Instructions for the task:
Would you please repeat, word for word, only the lines from the one holding "Stock Photography - Woman" through the one holding "a man sitting" in the material below, without the pictures?

Given data:
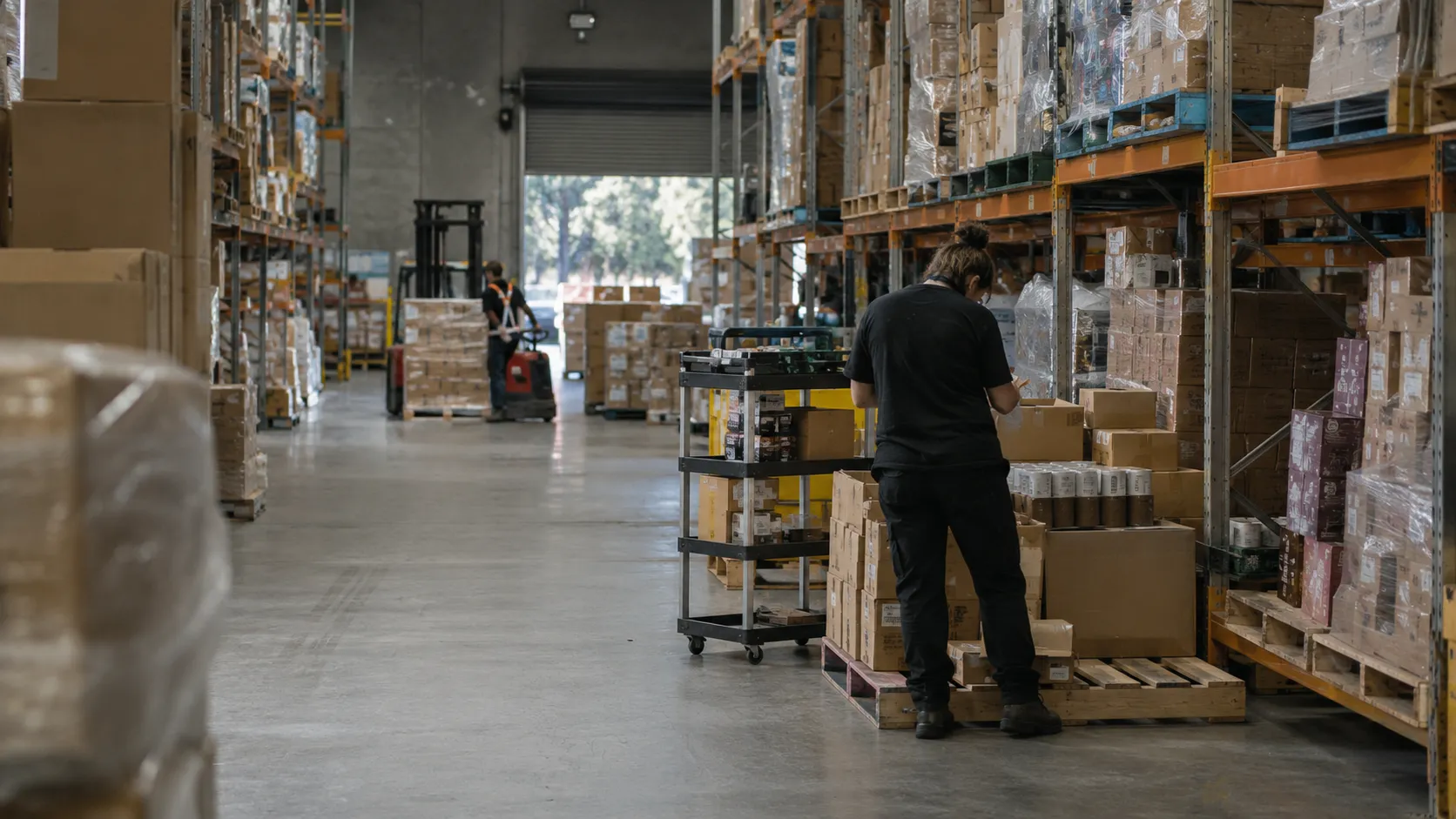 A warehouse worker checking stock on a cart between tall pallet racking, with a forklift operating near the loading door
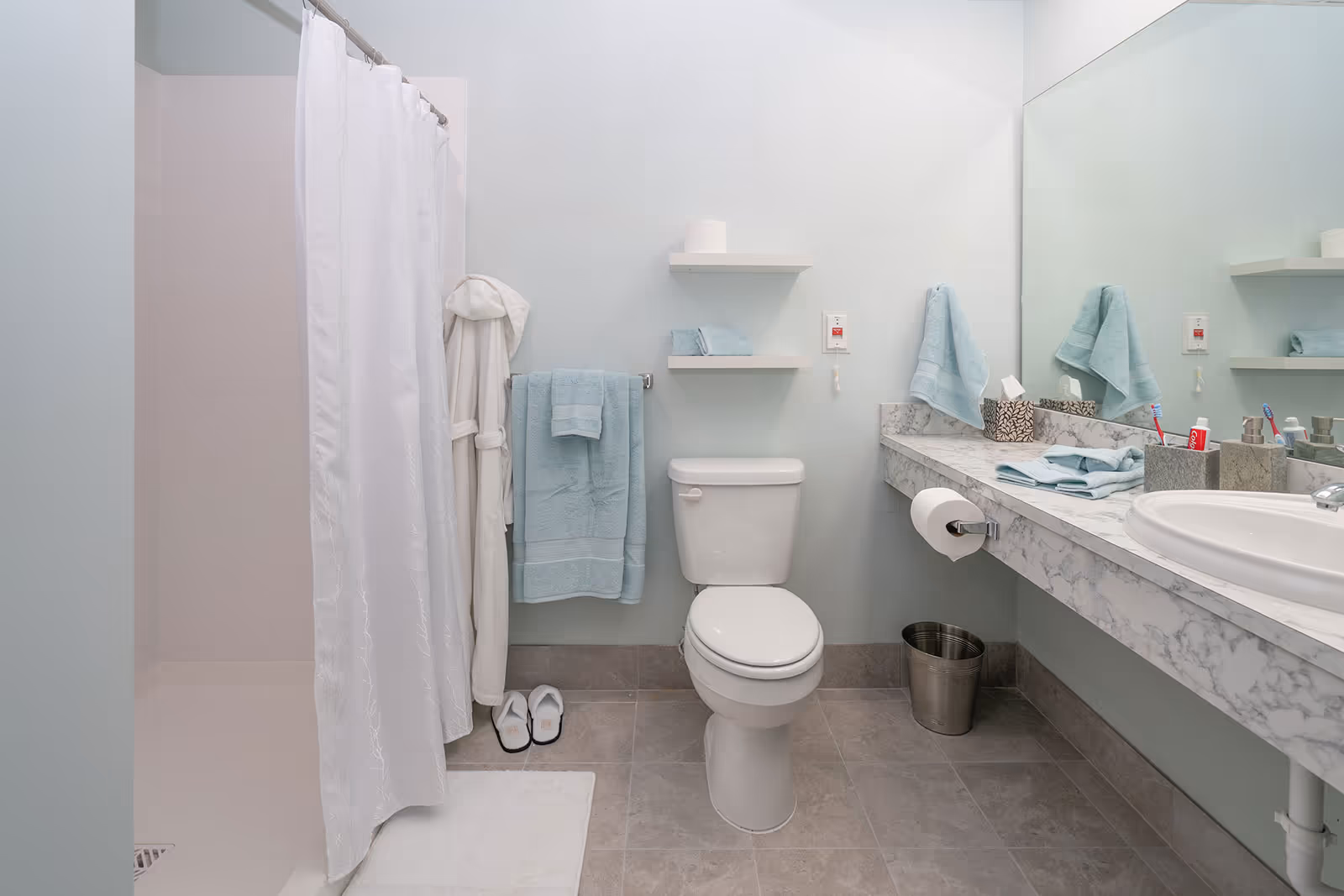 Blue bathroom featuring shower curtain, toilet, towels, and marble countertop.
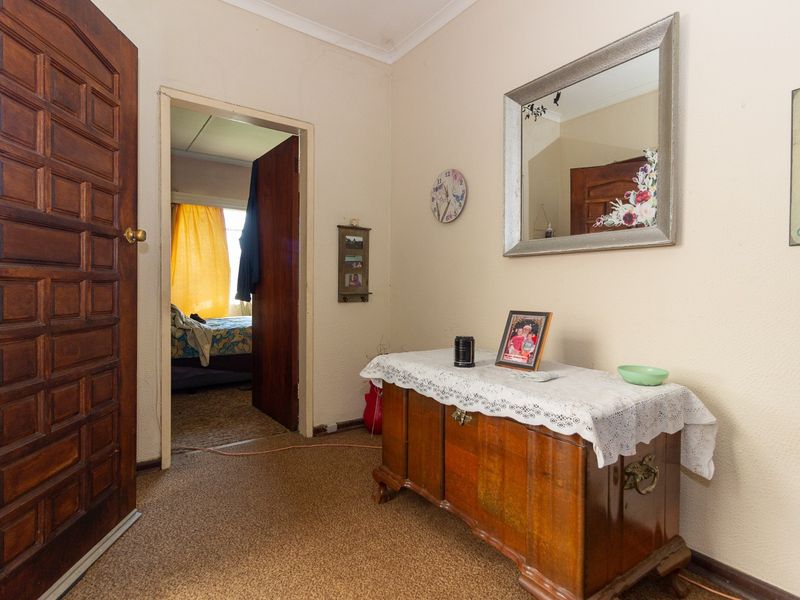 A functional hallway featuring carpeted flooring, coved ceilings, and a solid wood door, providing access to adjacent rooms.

---

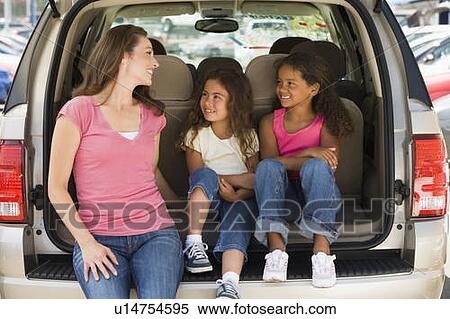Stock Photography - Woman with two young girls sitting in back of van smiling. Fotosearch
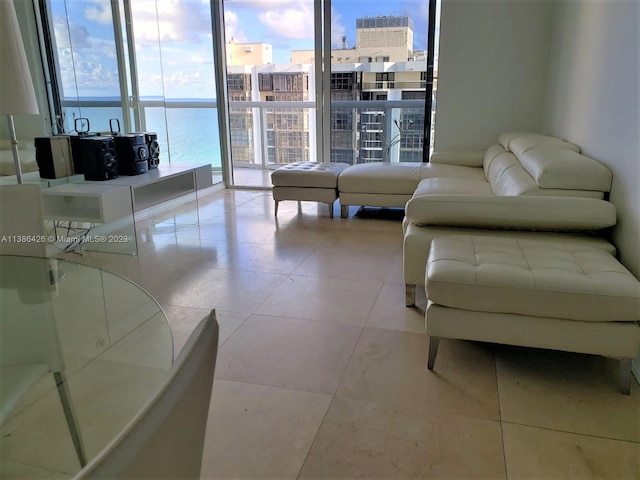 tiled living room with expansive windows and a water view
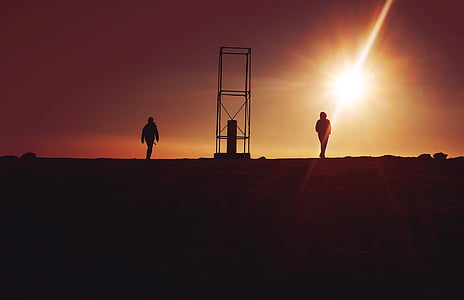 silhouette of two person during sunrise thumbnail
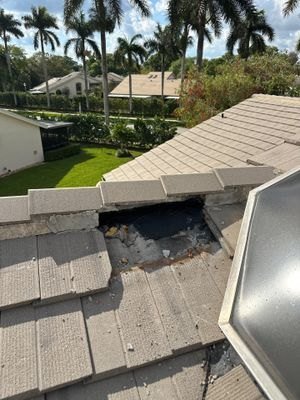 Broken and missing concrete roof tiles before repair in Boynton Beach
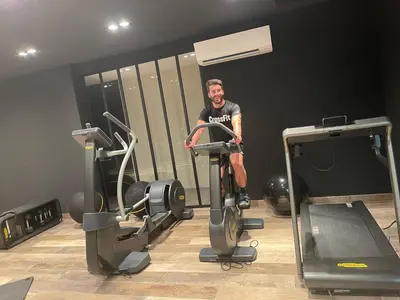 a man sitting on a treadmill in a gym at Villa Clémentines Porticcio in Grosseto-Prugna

==

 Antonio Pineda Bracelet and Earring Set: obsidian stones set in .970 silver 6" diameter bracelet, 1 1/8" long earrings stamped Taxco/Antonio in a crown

Solution to this task:
Stock Photography - Woman with two young girls sitting in back of van smiling. Fotosearch
 tiled living room with expansive windows and a water view
 silhouette of two person during sunrise thumbnail
 Broken and missing concrete roof tiles before repair in Boynton Beach
 a man sitting on a treadmill in a gym at Villa Clémentines Porticcio in Grosseto-Prugna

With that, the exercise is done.